### What you should do
Would you please return the data below verbatim, without its pictures?

(Short web captions)
========================================

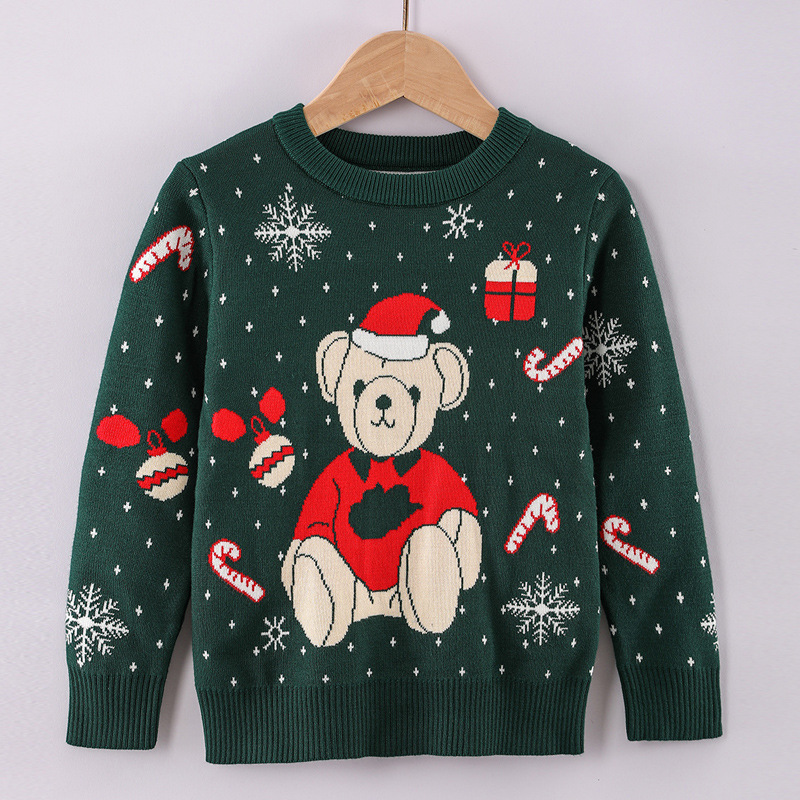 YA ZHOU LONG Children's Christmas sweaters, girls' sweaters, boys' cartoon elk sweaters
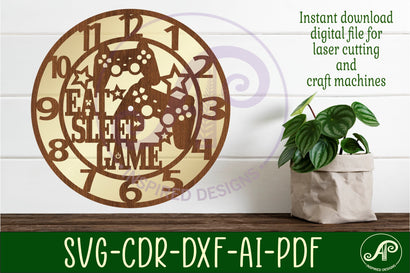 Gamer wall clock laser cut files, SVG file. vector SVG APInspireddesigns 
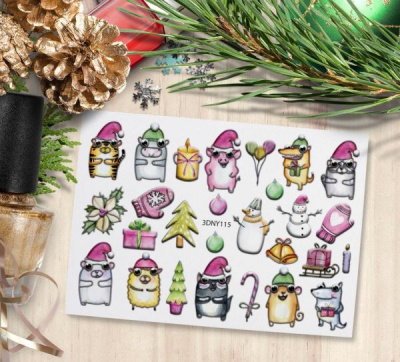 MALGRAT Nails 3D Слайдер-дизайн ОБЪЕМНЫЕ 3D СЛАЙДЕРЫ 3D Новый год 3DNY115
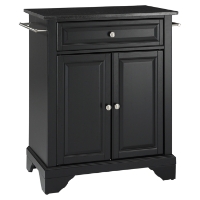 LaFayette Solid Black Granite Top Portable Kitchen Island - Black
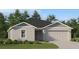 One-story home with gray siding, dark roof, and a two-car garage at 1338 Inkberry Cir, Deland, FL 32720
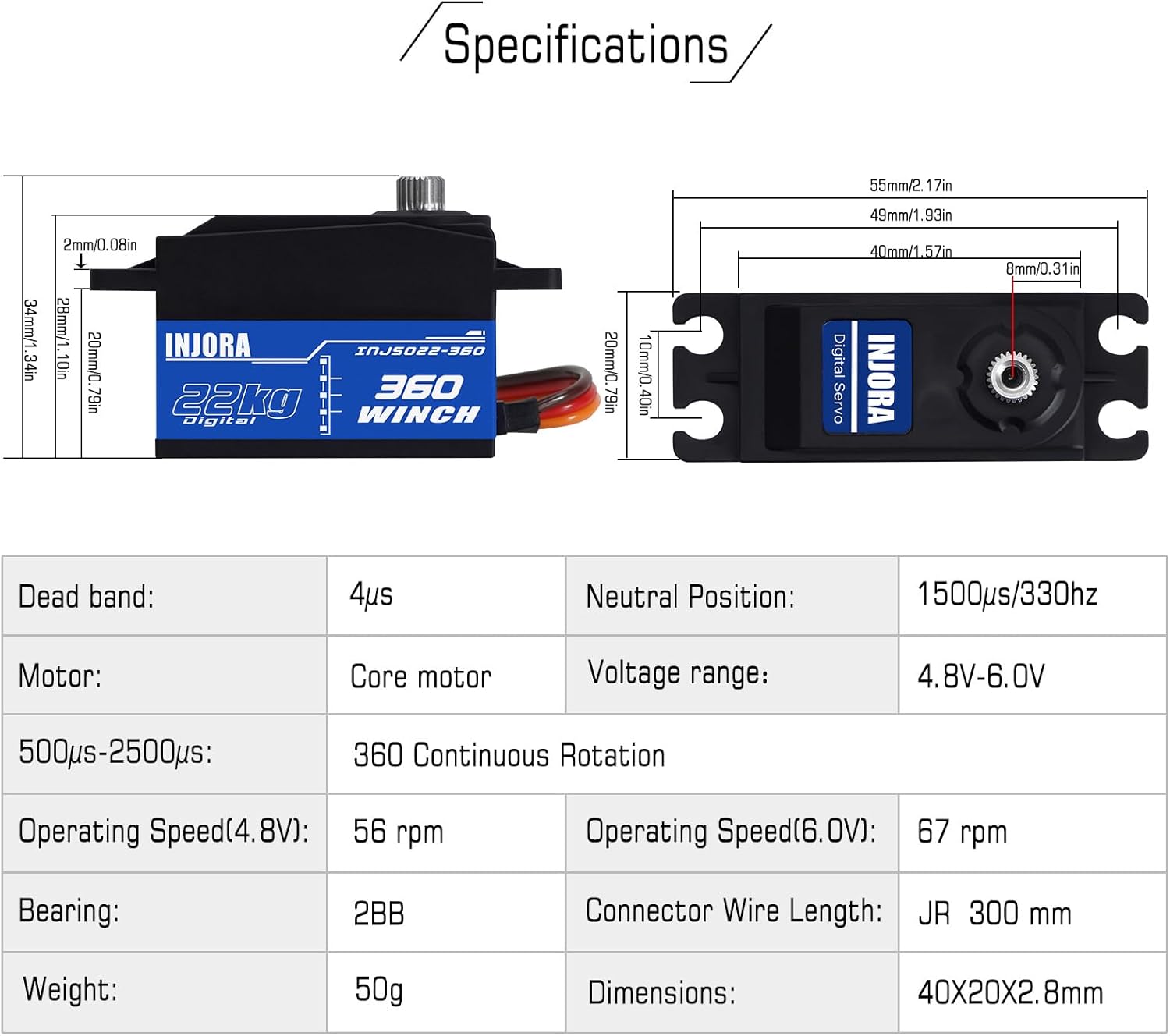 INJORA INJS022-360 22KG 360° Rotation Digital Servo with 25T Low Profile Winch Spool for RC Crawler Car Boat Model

========================================

### Response
 YA ZHOU LONG Children's Christmas sweaters, girls' sweaters, boys' cartoon elk sweaters
 Gamer wall clock laser cut files, SVG file. vector SVG APInspireddesigns 
 MALGRAT Nails 3D Слайдер-дизайн ОБЪЕМНЫЕ 3D СЛАЙДЕРЫ 3D Новый год 3DNY115
 LaFayette Solid Black Granite Top Portable Kitchen Island - Black
 One-story home with gray siding, dark roof, and a two-car garage at 1338 Inkberry Cir, Deland, FL 32720
 INJORA INJS022-360 22KG 360° Rotation Digital Servo with 25T Low Profile Winch Spool for RC Crawler Car Boat Model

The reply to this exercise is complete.